To group by a column and filter rows with the maximum value in PySpark, you can use a combination of the `groupBy` and `agg` methods, followed by joining the original DataFrame to filter the rows with the maximum values. Here’s a detailed step-by-step explanation with code snippets:
Step-by-Step Guide
1. Sample DataFrame Creation
First, let’s create a sample DataFrame to work with.
from pyspark.sql import SparkSession
from pyspark.sql.functions import col, max
# Initialize SparkSession
spark = SparkSession.builder.appName("example").getOrCreate()
# Sample DataFrame
data = [
("Alice", "Math", 85),
("Alice", "Science", 92),
("Bob", "Math", 82),
("Bob", "Science", 90),
("Charlie", "Math", 88),
("Charlie", "Science", 85)
]
columns = ["Name", "Subject", "Score"]
df = spark.createDataFrame(data, columns)
df.show()
Output:
+-------+-------+-----+
| Name|Subject|Score|
+-------+-------+-----+
| Alice| Math| 85|
| Alice|Science| 92|
| Bob| Math| 82|
| Bob|Science| 90|
|Charlie| Math| 88|
|Charlie|Science| 85|
+-------+-------+-----+
2. Apply Group By and Aggregation
Next, we group the DataFrame by the “Name” column and find the maximum score for each person.
# GroupBy "Name" and find the max "Score"
max_score_df = df.groupBy("Name").agg(max("Score").alias("MaxScore"))
max_score_df.show()
Output:
+-------+--------+
| Name|MaxScore|
+-------+--------+
| Alice| 92|
| Bob| 90|
|Charlie| 88|
+-------+--------+
3. Join with Original DataFrame to Filter Rows
Finally, join the original DataFrame with the aggregated DataFrame on the “Name” column and filter rows where the score matches the maximum score.

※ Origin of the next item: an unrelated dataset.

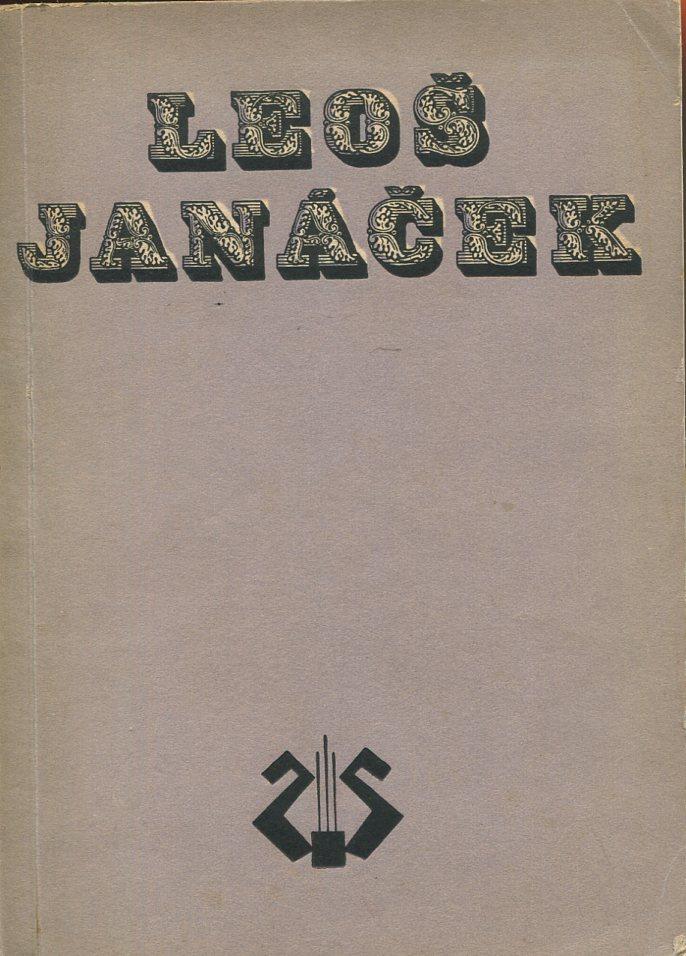 Leos Janacek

# Join with the original DataFrame and filter rows
result_df = df.join(max_score_df, on="Name").filter(df["Score"] == max_score_df["MaxScore"])
result_df.show()
Output:
+-------+-------+-----+--------+
| Name|Subject|Score|MaxScore|
+-------+-------+-----+--------+
| Alice|Science| 92| 92|
| Bob|Science| 90| 90|
|Charlie| Math| 88| 88|
+-------+-------+-----+--------+
In this final result, we get the rows for each person where the score is the maximum score.
Summary
To summarize, the process involves:
1. Creating a sample DataFrame.
2. Using the `groupBy` and `agg` methods to find the maximum value for each group.
3. Joining the result with the original DataFrame and filtering rows where the values match the maximum values.